EN LOS ALBORES DE UN NUEVO AÑO


Ha transcurrido la mitad del primer mes del nuevo año, el cual ha sido particularmente complejo para los venezolanos. Como era previsible, y lo anticipamos en artículo anterior, tras el contundente triunfo electoral de la oposición el 6D, el régimen gobernante ha recurrido a toda suerte de ardides y argucias para desconocer la voluntad popular. En primer término, con la ilegítima e inmoral designación de Magistrados del Tribunal Supremo de Justicia (TSJ) al final de la legislatura anterior, pieza fundamental para el control del Poder Judicial y el desarrollo de las ulteriores estrategias del oficialismo. De seguidas, la impugnación de tres Diputados de la oposición, en una censurable actuación de la nueva Sala Electoral del TSJ, la cual abrió un conflicto de poderes, pues tras su juramentación por parte de la AN, el régimen amenazó a través del inefable Diosdado Cabello y del propio TSJ, con considerar nulas las decisiones que adoptara la Asamblea Nacional (AN) si no se desincorporaba a los Diputados impugnados, ante lo cual la oposición debió ceder para evitar un choque de trenes, y el Presidente Maduro pudo presentar su Memoria y Cuenta el pasado 15 de enero ante la AN, y no como pretendían algunos voceros del régimen, ante el TSJ. No sabemos cómo concluirá el tema de la representación de la oposición con 109 Diputados, pero varios destacados juristas opinan que si no se dilucida legalmente el caso, la oposición mantendría la mayoría calificada de las dos terceras partes. Pero los tentáculos inescrupulosos del oficialismo se orientan ahora a impugnar a otro Diputado opositor por el Estado Falcón, en una nueva manifestación de los golpes de Estado progresivos y continuados del régimen.

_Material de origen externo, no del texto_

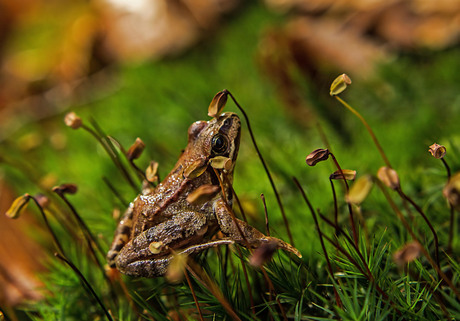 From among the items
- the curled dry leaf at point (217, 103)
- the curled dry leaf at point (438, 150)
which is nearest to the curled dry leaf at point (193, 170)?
the curled dry leaf at point (217, 103)

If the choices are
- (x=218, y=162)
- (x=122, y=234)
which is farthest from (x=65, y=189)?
(x=218, y=162)

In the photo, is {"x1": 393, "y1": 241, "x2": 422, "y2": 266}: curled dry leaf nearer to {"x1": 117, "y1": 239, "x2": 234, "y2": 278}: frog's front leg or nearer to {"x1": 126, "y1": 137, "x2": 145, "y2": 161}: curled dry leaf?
{"x1": 117, "y1": 239, "x2": 234, "y2": 278}: frog's front leg

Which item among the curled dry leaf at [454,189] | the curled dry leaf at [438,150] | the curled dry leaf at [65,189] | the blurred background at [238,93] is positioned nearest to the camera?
the curled dry leaf at [454,189]

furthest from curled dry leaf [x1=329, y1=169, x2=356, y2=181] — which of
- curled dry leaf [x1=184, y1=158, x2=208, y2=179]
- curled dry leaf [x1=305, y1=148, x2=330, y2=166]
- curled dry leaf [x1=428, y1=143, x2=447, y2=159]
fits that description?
curled dry leaf [x1=184, y1=158, x2=208, y2=179]

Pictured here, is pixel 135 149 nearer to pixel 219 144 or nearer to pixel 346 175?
pixel 219 144

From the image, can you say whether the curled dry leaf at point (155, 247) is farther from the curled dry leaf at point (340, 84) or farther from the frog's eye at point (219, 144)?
the curled dry leaf at point (340, 84)

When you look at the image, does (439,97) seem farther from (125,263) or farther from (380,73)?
(125,263)

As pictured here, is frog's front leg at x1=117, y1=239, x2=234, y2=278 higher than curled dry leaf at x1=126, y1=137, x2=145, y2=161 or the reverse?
the reverse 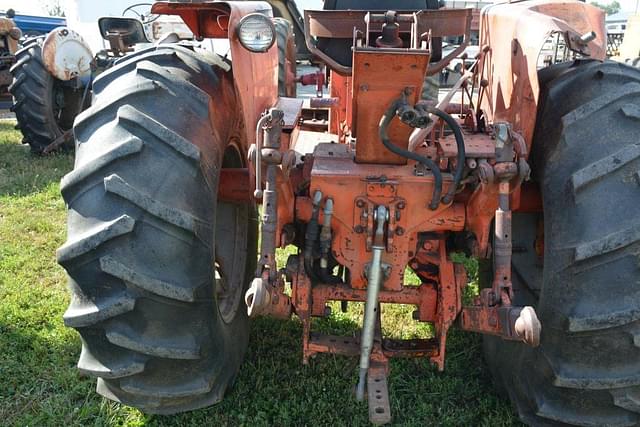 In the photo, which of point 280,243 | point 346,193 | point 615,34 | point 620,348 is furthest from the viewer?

La presentación de cuentas del gobernante Maduro ante la AN fue de antología, pero se cumplió. Maduro quiso presentar un balance de gestión propio de Alicia en el país de las maravillas, pese a que el gobierno recibió un contundente voto castigo el 6D, producto de la incompetencia, la alarmante corrupción, la escasez y el caos económico, muy en especial una inflación que llegó al 200%, pese a que las cifras oficiales tardíamente suministradas por el BCV, la proyectan a septiembre de 2015 en torno al 140%, y a una situación de inseguridad pública que coloca a Venezuela entre los países más peligrosos del mundo. Pero no hay forma de cambiar las realidades y presentar un balance de gestión positiva, ni siquiera a través de la hegemonía informativa del Estado, ya que el pueblo lo vive y sufre día a día en carne propia, más allá de palabras huecas y de la pretensión de endiosamiento a la figura de Hugo Chávez, autor primigenio de la destrucción de la nación, o de tratar de hacer un cuestionable punto de honor nacional del retiro de sus retratos de la sede de la AN, cuando en realidad ello constituía una incalificable aberración institucional.

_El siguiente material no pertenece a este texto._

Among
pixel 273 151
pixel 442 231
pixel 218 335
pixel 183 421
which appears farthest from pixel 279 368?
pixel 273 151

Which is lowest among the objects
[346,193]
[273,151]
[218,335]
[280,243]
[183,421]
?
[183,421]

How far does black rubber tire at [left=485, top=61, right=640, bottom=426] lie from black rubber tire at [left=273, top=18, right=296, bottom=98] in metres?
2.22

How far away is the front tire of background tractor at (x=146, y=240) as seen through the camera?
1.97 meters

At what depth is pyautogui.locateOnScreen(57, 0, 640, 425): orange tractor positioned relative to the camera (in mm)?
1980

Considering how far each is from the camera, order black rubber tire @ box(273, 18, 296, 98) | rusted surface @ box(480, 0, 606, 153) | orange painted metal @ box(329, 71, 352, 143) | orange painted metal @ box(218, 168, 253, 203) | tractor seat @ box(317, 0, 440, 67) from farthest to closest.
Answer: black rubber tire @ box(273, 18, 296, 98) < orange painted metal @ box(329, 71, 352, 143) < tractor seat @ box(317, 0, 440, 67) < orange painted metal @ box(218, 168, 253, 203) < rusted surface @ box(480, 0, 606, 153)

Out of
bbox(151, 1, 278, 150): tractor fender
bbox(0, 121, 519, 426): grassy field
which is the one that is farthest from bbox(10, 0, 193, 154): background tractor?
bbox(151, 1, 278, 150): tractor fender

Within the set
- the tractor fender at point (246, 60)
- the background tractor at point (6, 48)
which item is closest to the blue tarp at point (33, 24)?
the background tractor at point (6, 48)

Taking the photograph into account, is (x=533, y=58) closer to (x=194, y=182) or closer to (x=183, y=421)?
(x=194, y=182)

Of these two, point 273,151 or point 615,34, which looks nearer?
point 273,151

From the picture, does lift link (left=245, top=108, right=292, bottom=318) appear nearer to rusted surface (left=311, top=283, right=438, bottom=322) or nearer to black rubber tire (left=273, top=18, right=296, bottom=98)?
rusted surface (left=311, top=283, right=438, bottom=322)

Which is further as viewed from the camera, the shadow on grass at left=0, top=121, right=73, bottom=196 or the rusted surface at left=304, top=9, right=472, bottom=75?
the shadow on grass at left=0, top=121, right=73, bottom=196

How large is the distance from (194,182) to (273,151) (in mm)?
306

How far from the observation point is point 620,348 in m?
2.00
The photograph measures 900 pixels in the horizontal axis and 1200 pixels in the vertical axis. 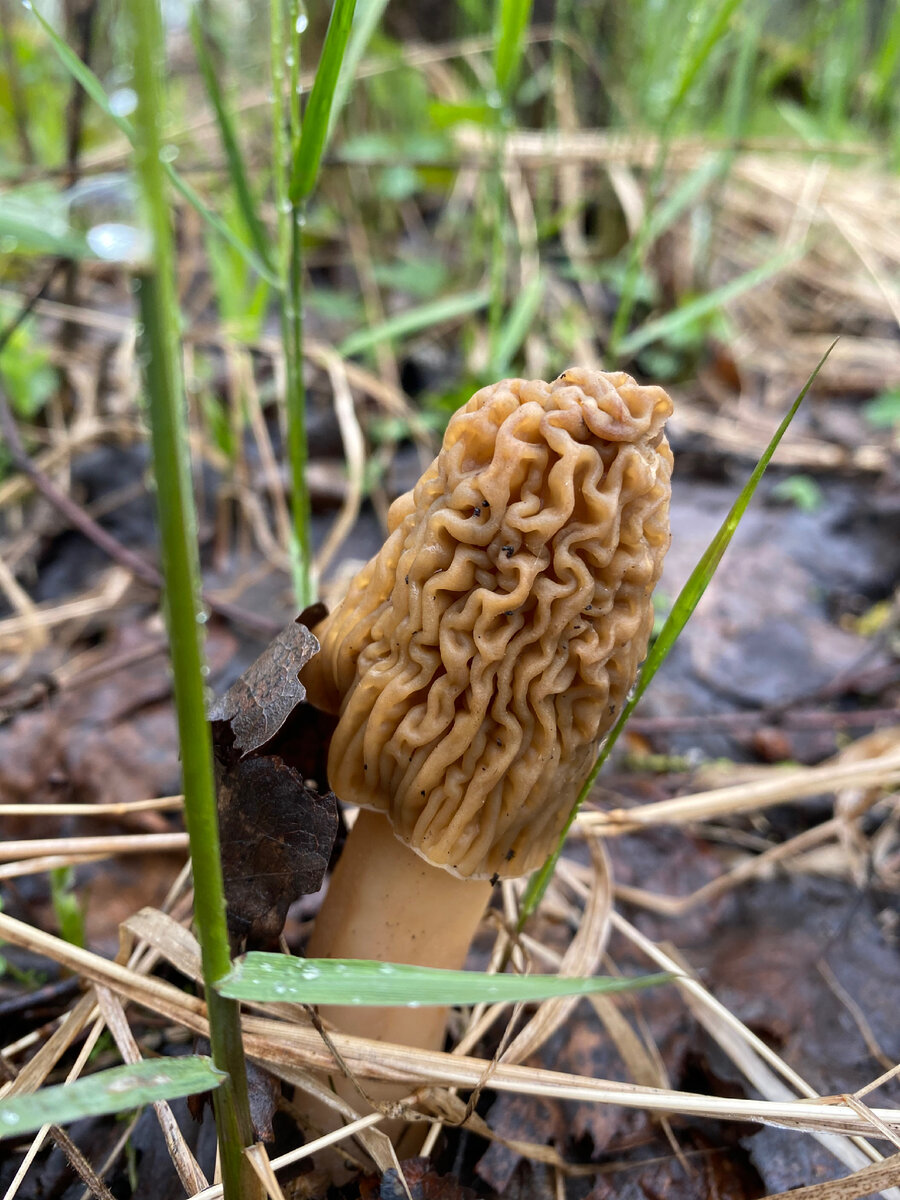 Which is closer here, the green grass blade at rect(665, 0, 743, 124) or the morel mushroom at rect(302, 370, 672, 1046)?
the morel mushroom at rect(302, 370, 672, 1046)

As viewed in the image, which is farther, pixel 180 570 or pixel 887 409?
pixel 887 409

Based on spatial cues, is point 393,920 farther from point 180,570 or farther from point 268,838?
point 180,570

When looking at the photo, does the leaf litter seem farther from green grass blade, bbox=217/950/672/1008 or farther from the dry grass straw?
green grass blade, bbox=217/950/672/1008

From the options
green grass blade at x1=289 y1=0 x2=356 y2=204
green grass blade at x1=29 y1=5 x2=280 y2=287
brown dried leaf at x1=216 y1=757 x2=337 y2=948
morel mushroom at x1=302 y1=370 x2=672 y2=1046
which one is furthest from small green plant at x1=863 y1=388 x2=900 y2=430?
brown dried leaf at x1=216 y1=757 x2=337 y2=948

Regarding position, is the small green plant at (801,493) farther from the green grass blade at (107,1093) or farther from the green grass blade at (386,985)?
the green grass blade at (107,1093)

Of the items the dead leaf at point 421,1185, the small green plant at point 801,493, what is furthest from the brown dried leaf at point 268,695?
the small green plant at point 801,493

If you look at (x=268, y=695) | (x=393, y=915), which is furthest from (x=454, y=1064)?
(x=268, y=695)
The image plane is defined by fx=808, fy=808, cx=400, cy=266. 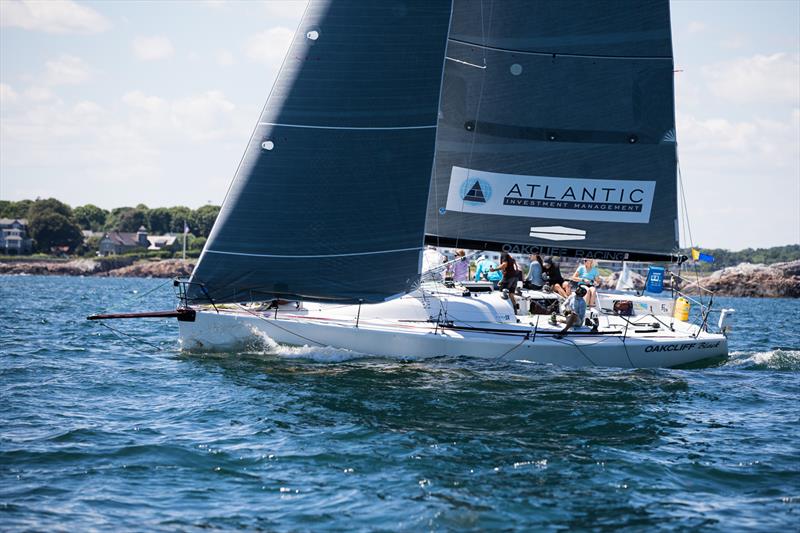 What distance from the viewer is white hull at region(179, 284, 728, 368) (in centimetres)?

La respuesta firme del Presidente de la AN, Henry Ramos Allup al discurso de Maduro, permitió que el país escuchara por primera vez en cadena de radio y televisión una versión diferente a la de la poderosa red mediática del oficialismo. Los analistas comentan que ese día, el pueblo escuchó atónito en las calles por primera vez, palabras de Ramos, denunciando la grave crisis nacional y haciendo ver a Maduro que el gobierno no es el dueño absoluto del país, y que debe someterse al control político decidido por el pueblo. Pero también aceptando un diálogo con resultados. Dicho episodio me recordó pasajes del libro “La Tumba de Lenin” del autor David Remnick, ganador del premio Pulitzer, sobre cómo al inicio de la perestroika en la URSS, el pueblo comenzó a conocer los millones de crímenes, purgas y atropellos cometidos por el régimen estalinista, de manos del otrora adorado “padrecito”, y se enteró sobre cómo Stalin eliminó a una generación de disidentes o figuras valiosas que creían en el socialismo, pero no en la barbarie por él impuesta.

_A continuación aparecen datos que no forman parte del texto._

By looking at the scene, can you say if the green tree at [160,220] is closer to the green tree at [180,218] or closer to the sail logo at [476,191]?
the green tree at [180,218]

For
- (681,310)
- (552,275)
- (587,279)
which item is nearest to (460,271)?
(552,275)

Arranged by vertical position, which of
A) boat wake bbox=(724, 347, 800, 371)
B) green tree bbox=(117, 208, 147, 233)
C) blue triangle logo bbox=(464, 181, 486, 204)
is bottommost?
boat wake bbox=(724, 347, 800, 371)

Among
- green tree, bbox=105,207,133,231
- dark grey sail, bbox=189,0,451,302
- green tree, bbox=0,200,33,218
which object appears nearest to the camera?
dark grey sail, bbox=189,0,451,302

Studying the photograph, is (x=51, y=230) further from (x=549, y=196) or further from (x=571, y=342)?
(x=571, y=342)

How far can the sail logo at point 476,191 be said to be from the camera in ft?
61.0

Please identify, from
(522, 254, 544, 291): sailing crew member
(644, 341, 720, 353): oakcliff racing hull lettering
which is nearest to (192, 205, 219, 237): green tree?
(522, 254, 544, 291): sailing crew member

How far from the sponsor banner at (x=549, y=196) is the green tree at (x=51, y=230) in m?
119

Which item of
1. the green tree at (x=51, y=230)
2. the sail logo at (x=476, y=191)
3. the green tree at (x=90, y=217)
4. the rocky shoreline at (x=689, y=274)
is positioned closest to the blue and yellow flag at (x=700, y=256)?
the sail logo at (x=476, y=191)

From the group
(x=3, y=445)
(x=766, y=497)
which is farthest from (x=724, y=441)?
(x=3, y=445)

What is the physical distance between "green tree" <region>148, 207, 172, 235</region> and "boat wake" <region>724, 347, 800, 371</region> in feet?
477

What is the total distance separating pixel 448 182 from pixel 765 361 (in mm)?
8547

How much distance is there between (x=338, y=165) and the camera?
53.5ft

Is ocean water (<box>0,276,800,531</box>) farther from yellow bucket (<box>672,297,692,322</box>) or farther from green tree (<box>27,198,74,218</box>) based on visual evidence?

No he tenido una relación cercana con Ramos Allup, y en algún momento sostuvimos una pública polémica, la cual di por cerrada con respuestas firmes a expresiones que consideré impropias de su parte. Pero hoy, él ha recibido la inmensa responsabilidad histórica de presidir la AN, y de conducir a la AN a asegurar el mandato de cambio político recibido del pueblo el 6D,  y el ejercicio de la función de control político y de legislación que la Constitución atribuye a la AN. Por ello, sin reservas afirmo que Ramos Allup merece ser rodeado y recibir el más amplio apoyo de todas las fuerzas democráticas, sin visiones caudillistas, y contribuir al éxito de su gestión. Se requiere sí en esta etapa el concurso de los mejores juristas y estrategas del país, algunos de los cuales han emitido ya valiosas opiniones respecto de los dislates del gobierno para aferrarse  al poder “como sea” (Maduro dixit), e impedir que se consolide una nueva realidad política, la cual quiérase o no, ya comenzó.

Lo trágico es que ante la profunda crisis y el clamor nacional por la rectificación, Maduro se niega a modificar la política económica, decide ampliar el número de Ministros y diluye más la ya ineficiente gestión de gobierno, militariza más el gabinete ministerial gobierno intentando ganar el apoyo de dicho estamento, y reincide en el erróneo esquema que ha conducido al régimen al fracaso. Sorprende la baja calidad de los Ministros designados, entre ellos el de Economía Luis Salas, quien se expresa con ideas trasnochadas y perturbadoras, que no harán sino presionar el acelerador hacia el abismo, entre otros con la Emergencia Económica decretada, sometida a consideración de la AN.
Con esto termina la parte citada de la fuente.